その曲がダイアモンドヘッドであり、作ったのがベンチャーズだということを知ったのは級友と福間の海水浴場に行ったときだった。キャンプファイアーを囲んでいるところで、級友が音響機器を持ち込んでベンチャーズの曲だと言って流してくれたのだ。このときエレキ特有の音調に溶け込んでいく自分を感じながら、聴き逃すまいと懸命に耳を傾けた。
当時、ビートルズもベンチャーズと並んで日本の音楽界に大きな影響を与えていたようだったが、その音楽性や才能の凄さを理解できずにいた。耳にうるさく聞こえていただけだった。苦手な英語で喚いているというのも気に喰わなかった。長髪スタイルも軟弱のように思え、嫌だった。ビートルズはまだ聞くに耐えられたが、ローリングストーンズに至っては、その恰好や狂信的な叫び声に拒絶反応を起こしていた。こうした偏見は、自分が体育会系の人間だったということも一因にあった。

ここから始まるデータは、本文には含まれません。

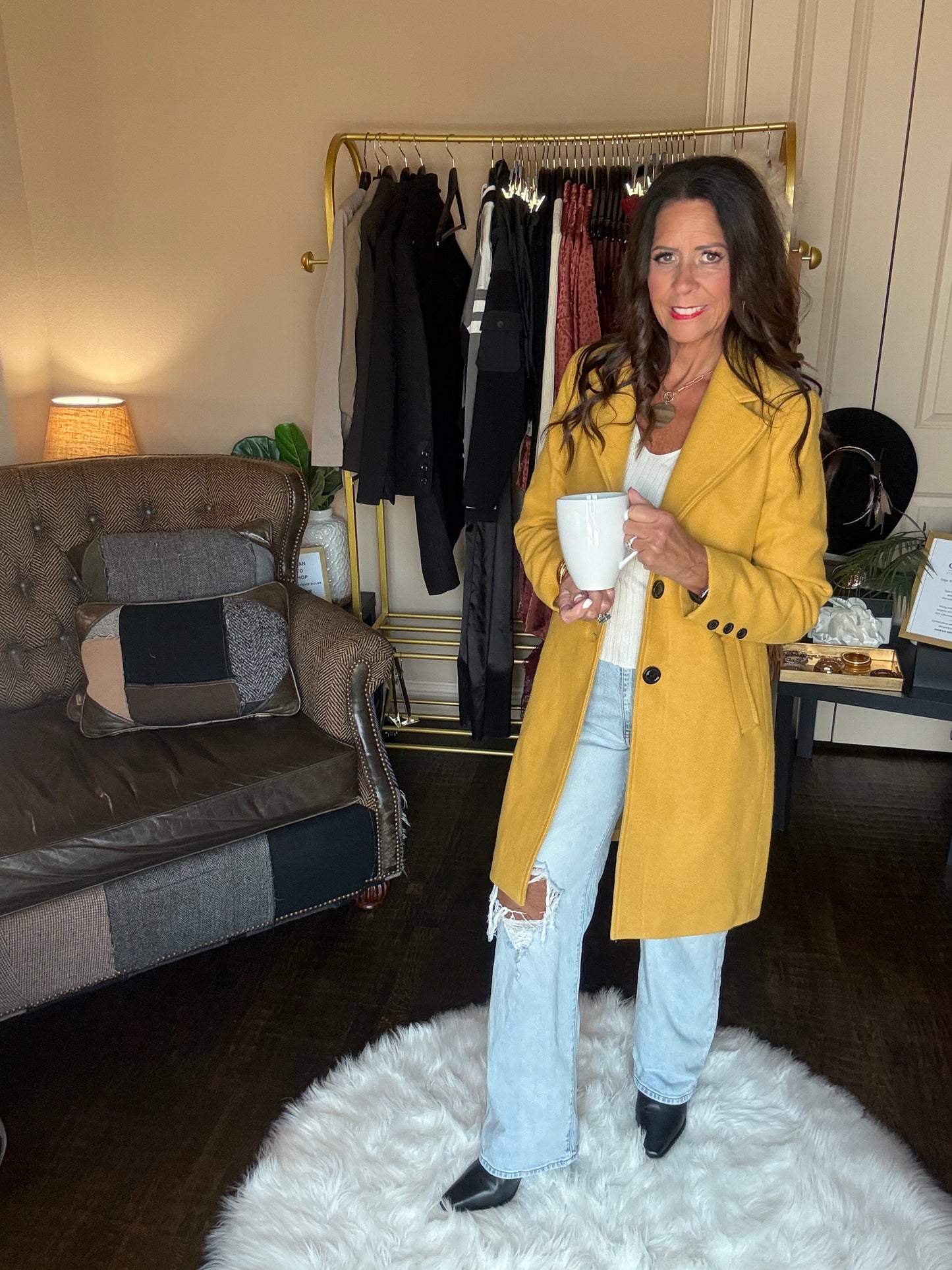 Model is wearing a yellow coat and jeans.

その点、ベンチャーズは髪が短く、演奏する姿も紳士的に思えた。楽器の演奏だけだという点でも、心地良く入り込んでいくことができた。
最近、ベンチャーズのリーダー、ドン・ウィルソンさんがテレビに映っていた。82歳になっていた。最後の日本ツァーとなる公演活動やファンとの温かい交流を収録した番組だった。どの会場も青春を取り戻そうとする高齢者が多く、ベンチャーズを愛し続けてきた顔で溢れていた。「日本は第二の故郷です」。ウィルソンさんがそう呟いたときの表情が印象的だった。
20年ほど前、仕事でハワイに行ったとき、ワイキキ・ビーチから恐竜の背のような山(外輪山)が見えた。その山がダイアモンドヘッドであり、この山を題材にベンチャーズが「ダイアモンドヘッド」を作曲したということを、このとき知ることができたのだった。